Task instructions
From the line that contains "inside view of" through the end of the records below, write out each line exactly as it appears, but not the pictures.

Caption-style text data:
○ ○ ○ ○ ○
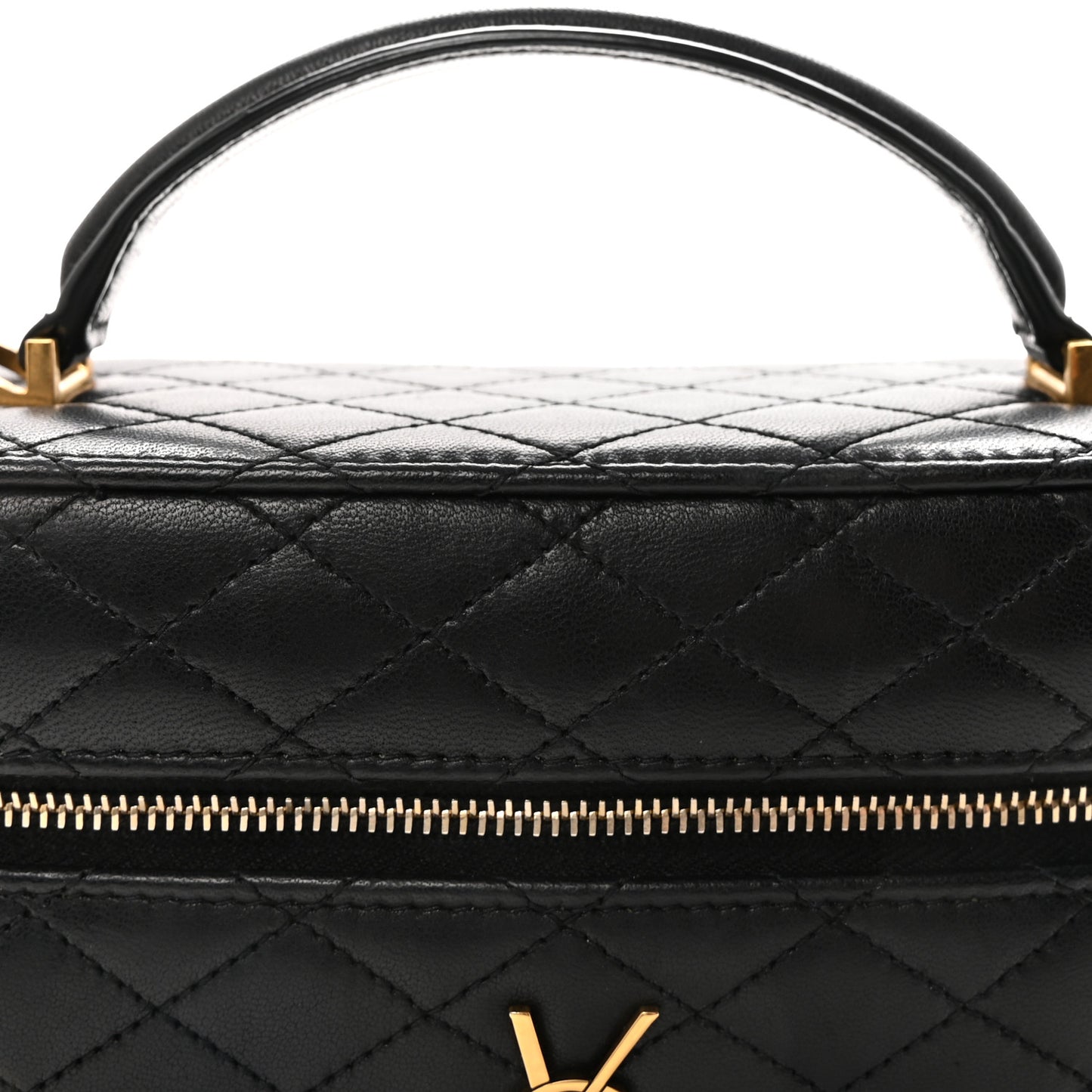 Lambskin Quilted Mini Gaby Vanity Case Black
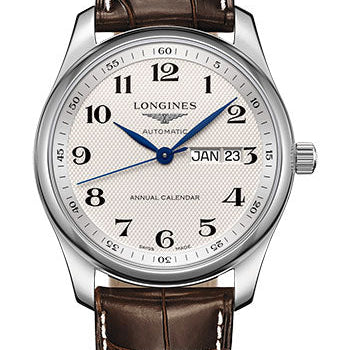 Longines Master Collection Annual Calendar Watch - 40 mm Steel Case - Silver Barleycorn Arabic Dial - Brown Alligator Strap - L2.910.4.78.3
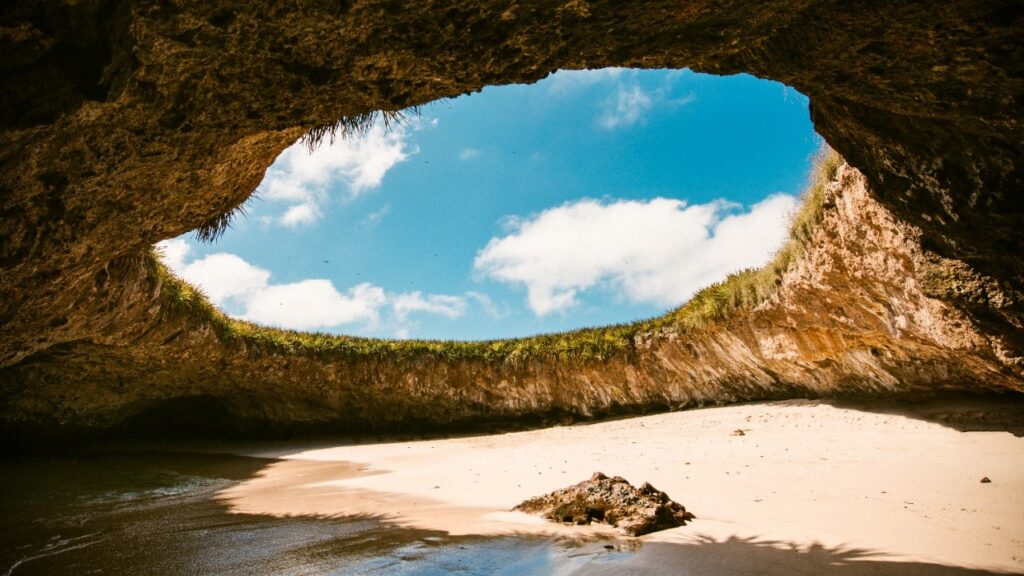 inside view of the hidden beach at the marietas islands in sayulita mexico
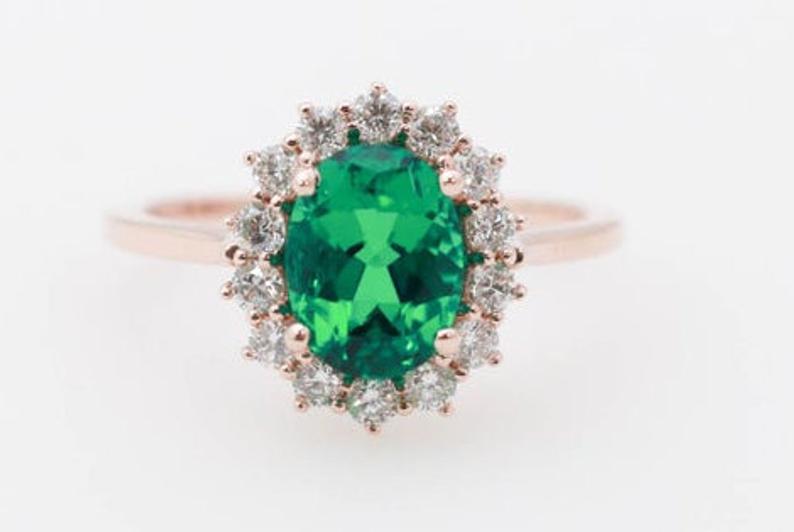 1 CT Oval Cut Green Emerald Diamond 925 Sterling Silver Anniversary Ring For Her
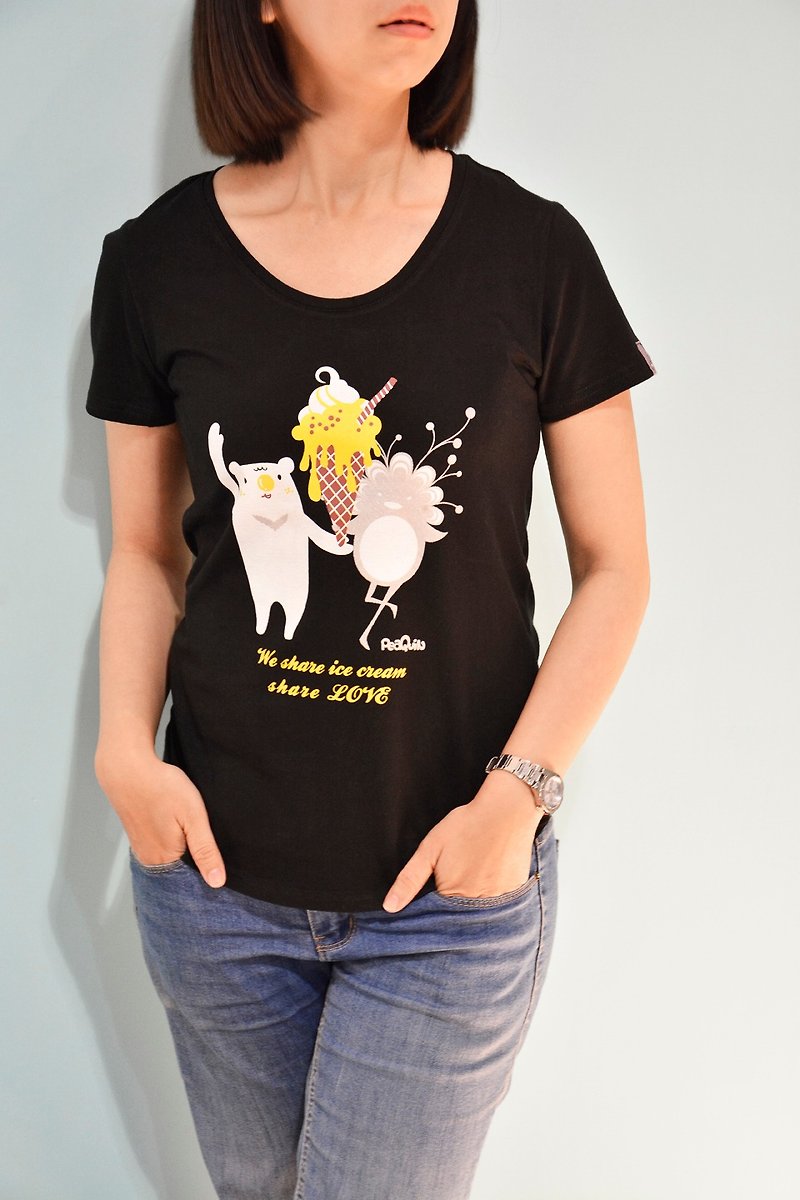 皮寬PeaQuin-聖代分享T-Shirt - 女 T 恤 - 聚酯纖維 黑色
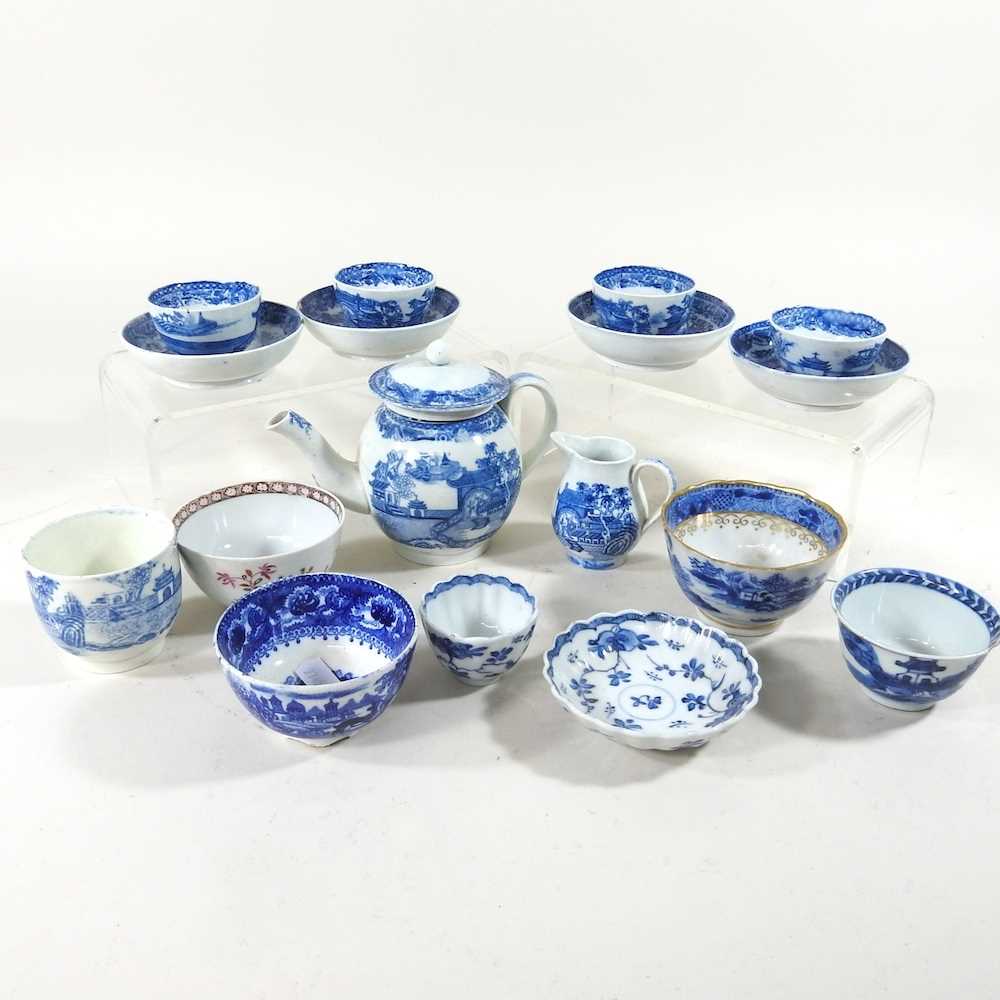 An 18th century Staffordshire pearlware blue and white child's part teaset, decorated in the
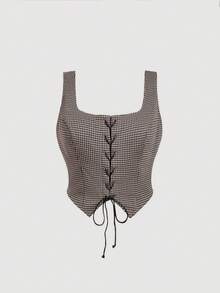 SHEIN MOD Plus Size Vintage Coffee Brown Houndstooth Front Tie Tank Top - Coffee Brown - View 6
○ ○ ○ ○ ○
Exercise answer
 inside view of the hidden beach at the marietas islands in sayulita mexico
 1 CT Oval Cut Green Emerald Diamond 925 Sterling Silver Anniversary Ring For Her
 皮寬PeaQuin-聖代分享T-Shirt - 女 T 恤 - 聚酯纖維 黑色
 An 18th century Staffordshire pearlware blue and white child's part teaset, decorated in the
 SHEIN MOD Plus Size Vintage Coffee Brown Houndstooth Front Tie Tank Top - Coffee Brown - View 6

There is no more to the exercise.